Loading Libraries:

knitr::opts_chunk$set(fig.align = "center", out.width = "80%", message = FALSE, 
                      warning = FALSE, cache = TRUE)
library(openintro)
library(tidyverse)
library(ggridges)
library(nycflights13)

Global Theme Set Up:

my_theme <- theme(
  plot.title = element_text(size = rel(1.8), hjust = 0.5),
  axis.title = element_text(size = rel(1.5), hjust = 0.5,
                            margin = margin(15,15,15,15)),
  axis.title.x = element_text(margin = margin(10,5,5,5)),
  axis.title.y = element_text(margin = margin(5,10,5,5)),
  axis.text = element_text(size = rel(1.1)))

Part I: Data Visualization and Exploration Tasks with GPA Data Set


1. By doing your own research, give the precise meaning of each variable.


Answer: GPA (Grade Point Average) represents a numerical summary of a student’s academic performance. Studyweek indicates the number of hours a student studies at night per week, while sleepnight refers to the number of hours they sleep each night. Out represents the number of nights a student goes out per week. Lastly, ‘gender’ specifies whether the student is male or female.
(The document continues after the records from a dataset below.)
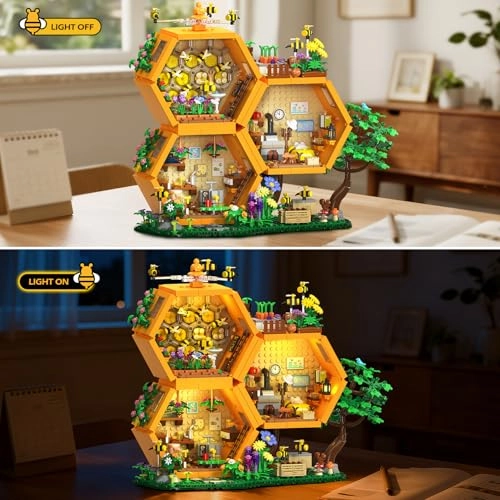 Bee House Building Kit - 1425 Pieces LED Light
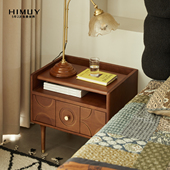 HIMUY马德里床头柜 复古风黄杨木实木雕花北欧卧室床边收纳储物柜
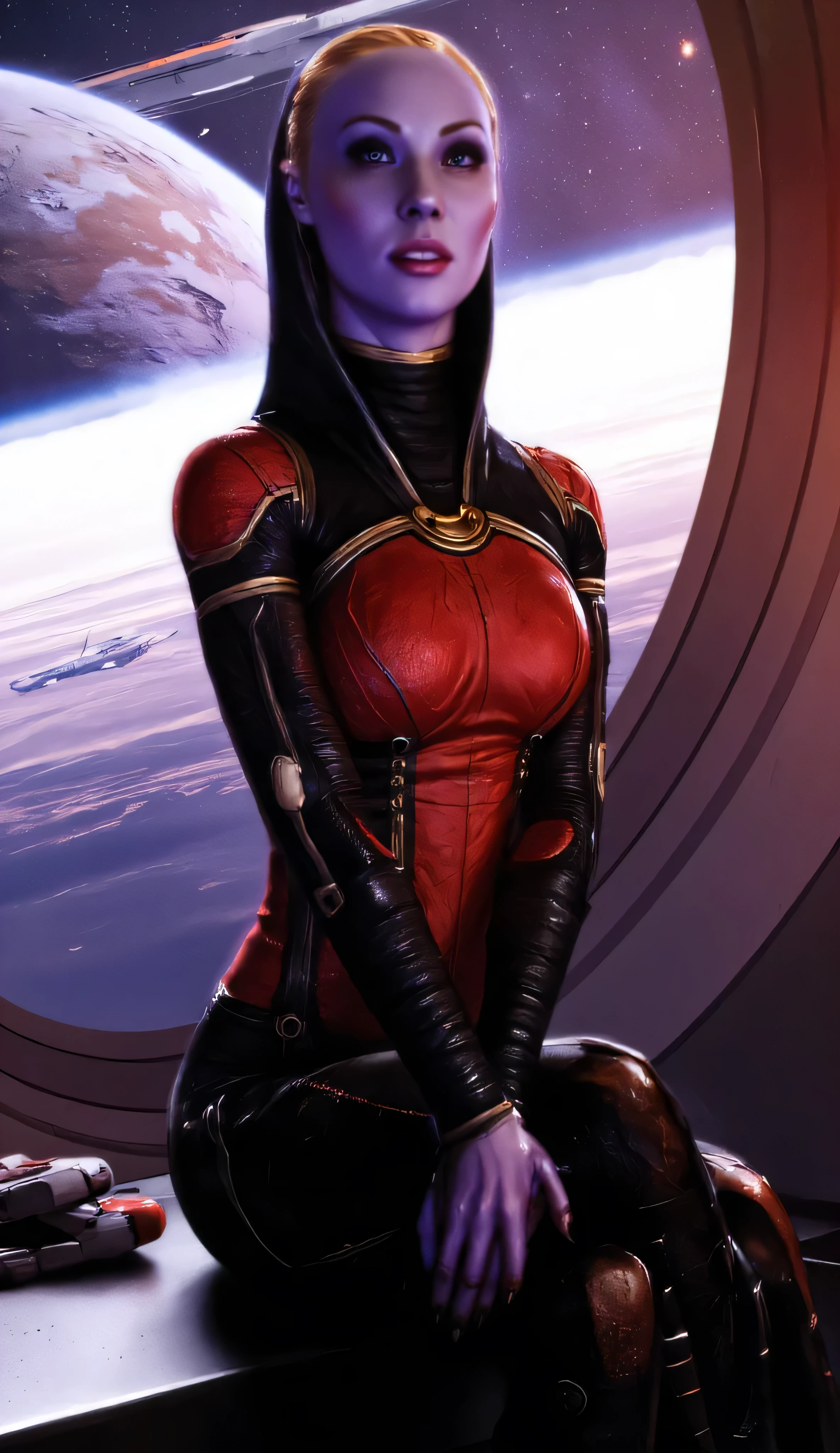 Deborah Ann Woll as Tali Zorah, futuristic character, beautiful alien, warrior, purple skin, glowing violet eyes, sitting casually, futuristic spaceship lounge, view of planets and stars outside the window, elegant and form-fitting bodysuit in red black and gold, detailed embossed patterns, armored sections, deep hood, partially framing face, braided hairs, calm and confident expression, soft lighting reflecting off her skin and suit, warm cosmic light, bokeh, lens flares, digital painting, sci-fi fantasy, high-resolution character concept art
2. Visualize the relationship between studyweek and gpa. What does your graph indicate?


Code:

ggplot(data = gpa, mapping = aes(x = studyweek, y = gpa)) +
  geom_point(size = rel(1.2)) +
  geom_smooth(linewidth = 1.2, color = "skyblue3", linetype = "dashed") +
  labs(title = "The Relation Between GPA and Study Hours",
       x = "Study hours per week",
       y = "Gpa") +
  ylim(2.5, 5) +
  theme(plot.title = element_text(color = "blue4"),
        axis.title = element_text(color = "purple4")) +
  my_theme

Answer: The data points appear widely scattered, suggesting no strong correlation between study hours and GPA. While some students with fewer study hours achieve high GPAs, others who study more still have varied GPA outcomes. The distribution indicates that other factors beyond study hours may significantly influence GPA.
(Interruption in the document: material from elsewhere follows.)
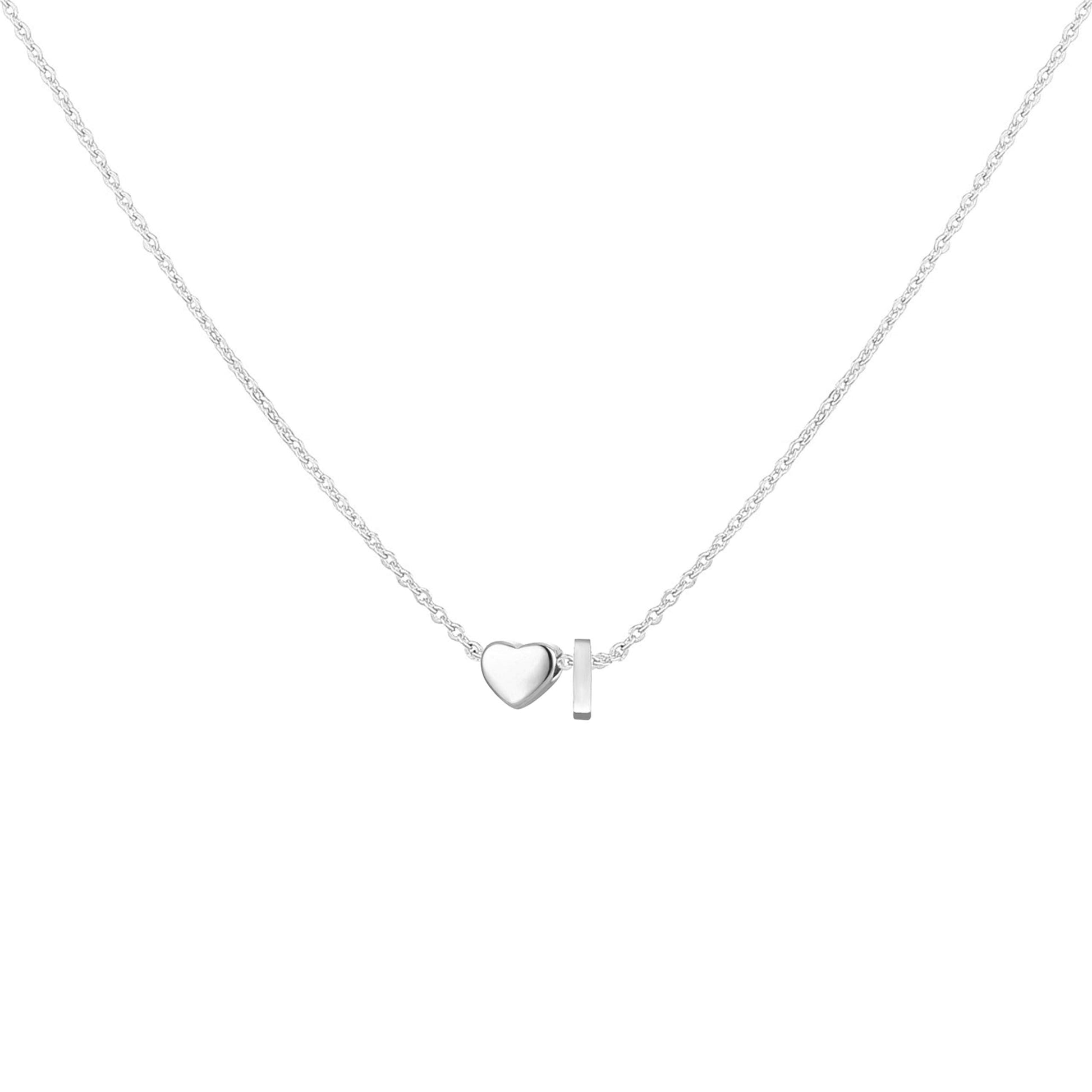 Dainty Heart Accented Letter Initial Necklace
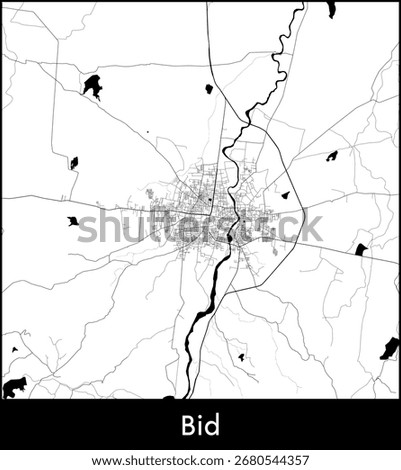 Bid city map, India - Topographic vector map poster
3. Visualize the relationship between out and gpa. What does your graph indicate?


Code:

ggplot(data = gpa, mapping = aes(x = out, y = gpa)) +
  geom_point(size = rel(1.2)) +
  geom_smooth(linewidth = 1.2, color = "skyblue3", linetype = "dashed") +
  labs(title = "The Relation Between GPA and Happy Nights",
       x = "Going-out nights (per week)",
       y = "Gpa") +
  theme(plot.title = element_text(color = "blue4"),
        axis.title = element_text(color = "purple4")) +
  my_theme

Answer: The data points are widely dispersed in the plot, indicating no strong correlation between going-out frequency and GPA. The plot shows that students with high GPAs are found across all levels of social activity, suggesting that moderate socializing does not necessarily harm academic performance. However, individual variations imply that other factors may contribute to GPA outcomes.
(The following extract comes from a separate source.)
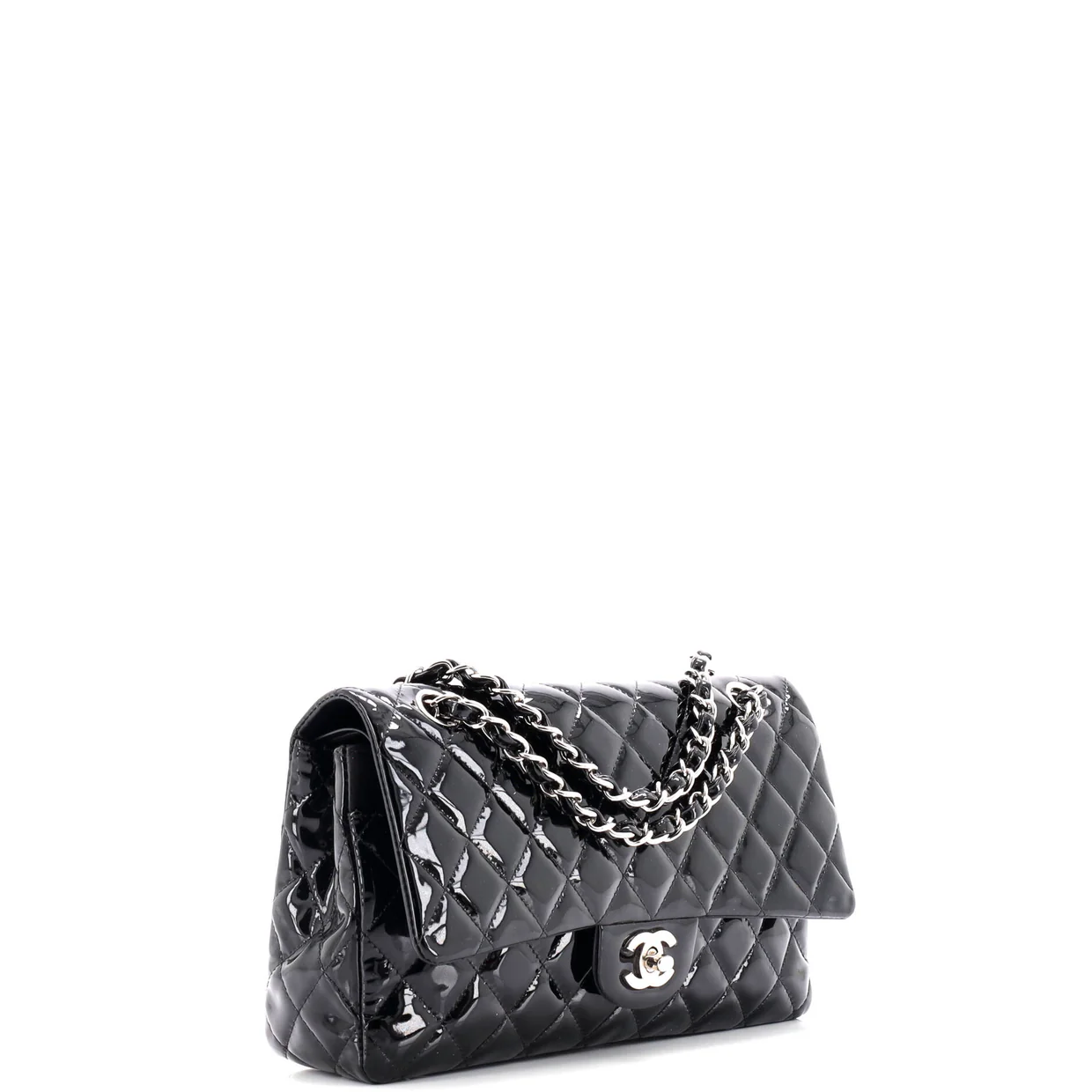 Classic Double Flap Bag Quilted Patent Medium - Deep Luxury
4. Visualize the relationship between out and sleepnight. What does your graph indicate?


Code:

ggplot(data = gpa, mapping = aes(x = out, y = sleepnight)) +
  geom_point(size = rel(1.2)) +
  geom_smooth(linewidth = 1.2, color = "skyblue3", linetype = "dashed") +
  labs(title = "The Happy Nights and Sleep Hour",
       x = "Going-out nights (per week)",
       y = "Hours of sleep (per day)") +
  theme(plot.title = element_text(color = "blue4"),
        axis.title = element_text(color = "purple4")) +
  my_theme

Answer: The data suggests a positive correlation between these two variables, indicating that students who get more sleep at night tend to go out more. Further statistical analysis is recommended to validate this trend.

5. Visualize the relationship between gender and studyweek. What does your graph indicate?


Code:

ggplot(data = gpa, mapping = aes(x = gender, y = studyweek)) +
  stat_boxplot(geom = "errorbar", width = 0.5) +
  geom_boxplot() +
  labs(title = "Which Gender Studies More?",
       x = "Gender",
       y = "Study hours (per week)") +
  theme(plot.title = element_text(color = "blue4"),
        axis.title = element_text(color = "purple4")) +
  my_theme

Answer: The plot shows that the median weekly study hours for male and female students are approximately the same. However, female students have a wider range of study hours, ranging from around 4 to 50 hours per week, whereas male students range from 2 to 30 hours. Additionally, there is an outlier among male students who studied over 40 hours per week.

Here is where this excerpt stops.